You can still do a lot with the open version. Especially if you need it for a small/side project, it's great.

If you really need the HA, you can start spending on the enterprise edition. Or move to another storage.

pauldix · on Jan 24, 2019

Our current cloud offering has much smaller initial pricing. Our Cloud 2.0 offering that we'll launch later this year will have usage based pricing as well as a free tier.

jrockway · on Jan 24, 2019

What's the story regarding high availability for InfluxDB 2.0? I know it is a commercial offering in the current release, and while I'm not super thrilled about that, I do think it's reasonable. It would be nice if you could buy the self-hosted version with a "contact sales" step which I honestly will never do. (I would just put a proxy in front of the multiple instances that tries to write to as many of them as possible and does reads from one at random. What could go wrong!)

The other thing I never figured out in the current version is how to write the following query. I store samples like (device, network, direction) -> packet count. I then want to know how many packets were sent across the network in total.

With monitoring systems I've used in the past (internal to my former employer), this was easy. You would do the delta calculation at the lowest level to convert device packet counters to number of packets sent in the last time interval, which varies randomly because samples are not necessarily arriving at discrete intervals. Then you would do an align, to bring the randomly-added sampling times into alignment across all the "streams" (which is a unique (device, network, direction)). Once the data is aligned, you can then do a group by to get rid of a certain tag, like device (and just have (network, direction) -> total packets sent in the time interval).

With InfluxDB, I can't figure out how to do this. It has the group by time concept, but not alignment, so I can't write a query that will work. I ended up just computing the deltas before inserting the item, at which point everything works fine.

I have not tried the same query with Prometheus, but I suspect it would work like I expect, as it seems very heavily inspired by a certain internal monitoring system I am most familiar with.

pauldix · on Jan 24, 2019

This release of 2.0 is not a commercial offering. It's completely free and open source under an MIT license without restrictions of any kind. For example, you could use it as the basis of your own commercial offering or use code from it and that is all fair game.

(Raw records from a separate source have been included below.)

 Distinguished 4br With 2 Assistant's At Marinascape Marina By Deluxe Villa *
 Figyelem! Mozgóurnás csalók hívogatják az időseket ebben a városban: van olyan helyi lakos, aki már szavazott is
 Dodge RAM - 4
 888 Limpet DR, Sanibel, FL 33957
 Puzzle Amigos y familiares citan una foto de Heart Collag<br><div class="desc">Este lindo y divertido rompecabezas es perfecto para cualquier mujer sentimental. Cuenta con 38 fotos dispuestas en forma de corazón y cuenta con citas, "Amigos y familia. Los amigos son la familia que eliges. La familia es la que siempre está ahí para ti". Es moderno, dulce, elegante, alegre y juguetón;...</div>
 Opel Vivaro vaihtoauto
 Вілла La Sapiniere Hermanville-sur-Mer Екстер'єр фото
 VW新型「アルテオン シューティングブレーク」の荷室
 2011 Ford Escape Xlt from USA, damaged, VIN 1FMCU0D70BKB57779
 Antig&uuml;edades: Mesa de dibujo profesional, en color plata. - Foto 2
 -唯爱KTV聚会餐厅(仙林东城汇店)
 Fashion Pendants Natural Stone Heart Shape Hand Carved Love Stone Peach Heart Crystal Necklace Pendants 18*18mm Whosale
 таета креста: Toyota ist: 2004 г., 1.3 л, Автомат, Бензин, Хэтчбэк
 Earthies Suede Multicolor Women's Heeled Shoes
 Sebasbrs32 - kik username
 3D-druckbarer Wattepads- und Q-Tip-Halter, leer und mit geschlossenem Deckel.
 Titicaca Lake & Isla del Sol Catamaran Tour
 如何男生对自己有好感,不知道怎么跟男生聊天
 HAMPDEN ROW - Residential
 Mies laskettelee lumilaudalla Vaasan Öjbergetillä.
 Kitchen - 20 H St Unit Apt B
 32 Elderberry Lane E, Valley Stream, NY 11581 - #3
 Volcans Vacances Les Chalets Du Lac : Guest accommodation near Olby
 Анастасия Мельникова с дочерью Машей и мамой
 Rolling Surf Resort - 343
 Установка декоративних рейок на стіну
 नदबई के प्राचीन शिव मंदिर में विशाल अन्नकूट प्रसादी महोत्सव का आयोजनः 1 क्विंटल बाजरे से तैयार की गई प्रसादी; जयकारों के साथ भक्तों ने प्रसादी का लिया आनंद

For the query you mention, you can do that in 1.x using a combination of group by time, fill and subqueries. In 2.0 you can do this in Flux using similar operators. More complex possibilities for interpolating missing data is also in the works.

Solving more complex query processing like what you mention is a specific reason why we started developing Flux. We couldn't figure how to address some of the more advanced query feature requests in the old language so we started with something new.

In addition to giving Flux more functions, flow control and more power, we also will be adding more out of the box functions and syntactic sugar to make some of these more advanced queries possible without being overly verbose and complex. Our order of operations for developing the language:

1. Make it powerful 2. Make it easy 3. Make it fast

So it'll take us time to get to all of our goals, but I think we've laid down a pretty good foundation.